In my dream last night, though, I can remember myself thinking distinctly, when discovering the beard on my cheeks, “Well, I can shave it off if I don’t want people to see it”. It was more of a discomfort with respect to the external world than with my own self. I didn’t want to be perceived wholly as a man, as a cis-man.
For brief, superficial interactions, like traveling, going through the airport, or out for dinner with my cis-male buddies, I don’t mind, I actually enjoy, being perceived as a man. But on the whole, in my life, in the connections and interactions that count and/or that last, it is important to me that my queerness, my “non-binary-ness”, my “transness” doesn’t get lost. In fact, in my dream last night, I thought or said explicitly to myself, “I can still wear feminine clothes for fun, if I ever want to, even with a beard, that’s precisely what queer is, what genderbending means and what I want to do. But it will feel uncomfortable, at least at first, out in the world.” [Probably these feelings and thoughts were, at least partly, spurred by my recent reading of the book “Queer Theories” by Donald E. Hall.]
But regardless of the shyness or awkwardness that I might (eventually) feel when presenting (even) more queer and/or when genderbending, the certainty of NOT being a woman, NOT feeling that I am a woman or feeling that I am NOT a woman is stronger than ever. It hit me again last night, after my shower, as I was preparing for bed: I saw myself in the mirror and saw him, saw the boy. Yes, I was socialized as a woman because of the genitals I was born with and I can sympathize, even empathize, with cis-women on many points, especially in the STEM world.
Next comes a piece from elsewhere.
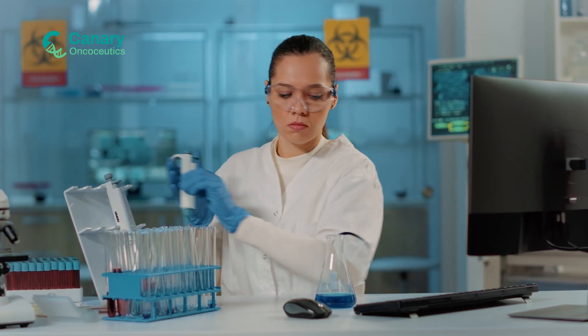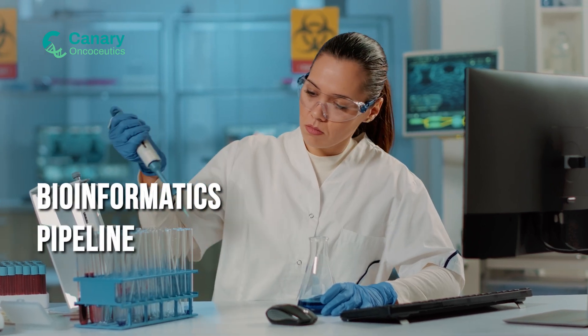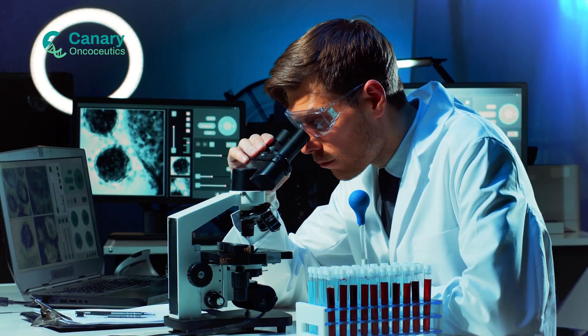Using advanced next-generation sequencing technology and our custom bioinformatics pipeline, we provide the most comprehensive information to support optimal patient outcomes. We analyze more genes than any other company at a depth of 2,000x to 10,000x, detecting driver mutations down to 1% allele frequency.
But I am NOT a woman, I am actually a beautiful, beautiful boy and this seems so evident, so clear, so blatant to me, that I cannot understand how anyone could see anything else, ever. This thought, this feeling, I realized, is always there for me, but last night after my shower, as I saw my reflection in the mirror, it was there stronger and more clear than ever. It was almost as if the reflection in the mirror had taken on a life of its own to say, to tell me, “I am a boy — here’s the boy that you are — how could the world ever have seen a woman or anything else here?!”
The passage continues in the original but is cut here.